■ **THE PROBLEM**
Your task is to output the listing exactly, leaving every image out.

■ **DATASET SECTION**
Start of Block
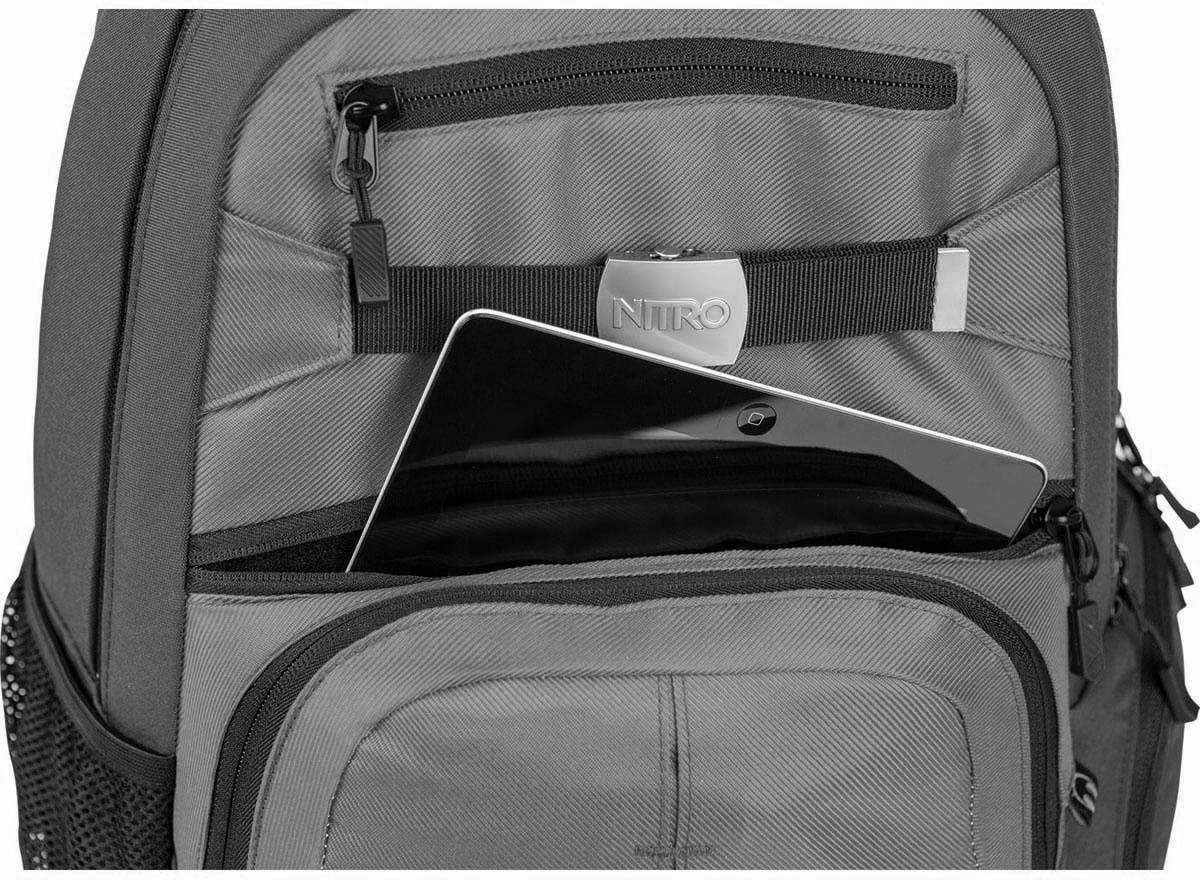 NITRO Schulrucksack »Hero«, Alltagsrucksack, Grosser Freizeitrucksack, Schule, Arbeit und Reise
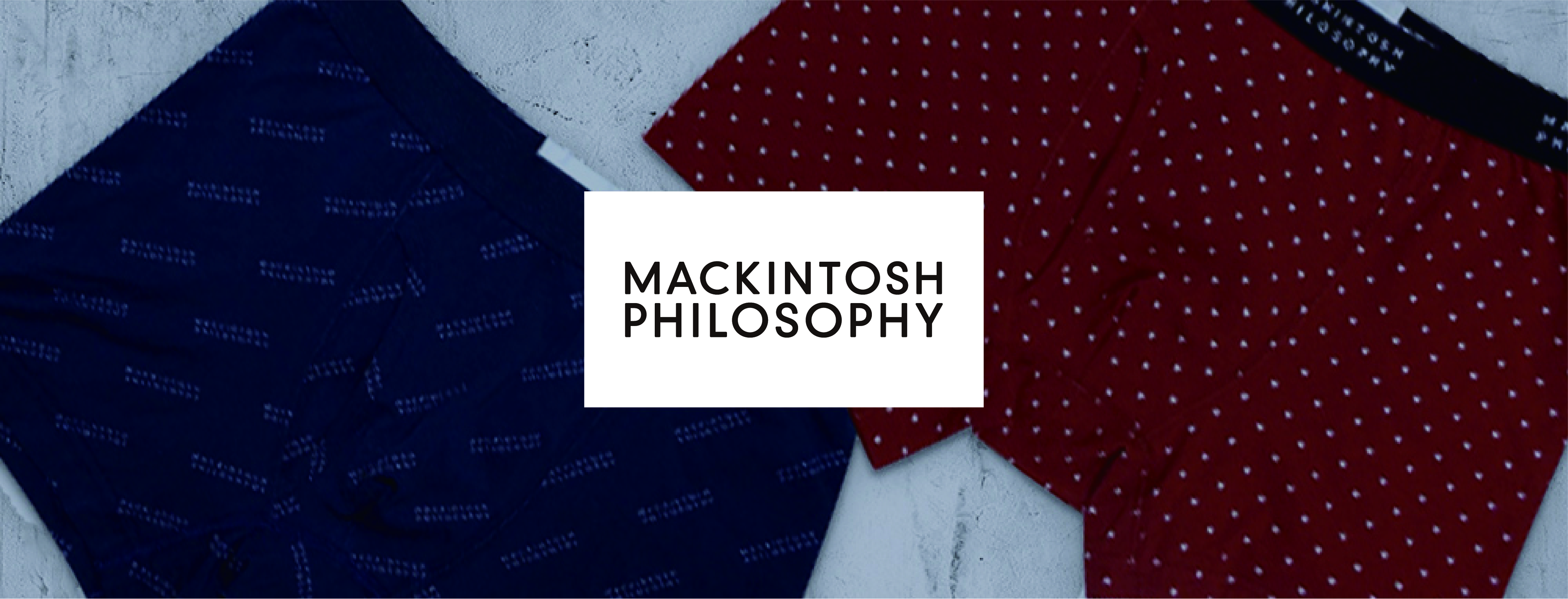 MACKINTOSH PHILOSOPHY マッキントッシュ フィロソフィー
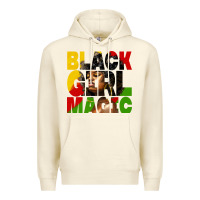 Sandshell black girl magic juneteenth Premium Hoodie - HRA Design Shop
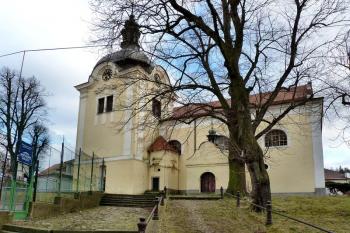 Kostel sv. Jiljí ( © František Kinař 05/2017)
End of Block
■ **ANSWER BELOW**
 NITRO Schulrucksack »Hero«, Alltagsrucksack, Grosser Freizeitrucksack, Schule, Arbeit und Reise
 MACKINTOSH PHILOSOPHY マッキントッシュ フィロソフィー
 Sandshell black girl magic juneteenth Premium Hoodie - HRA Design Shop
 Kostel sv. Jiljí ( © František Kinař 05/2017)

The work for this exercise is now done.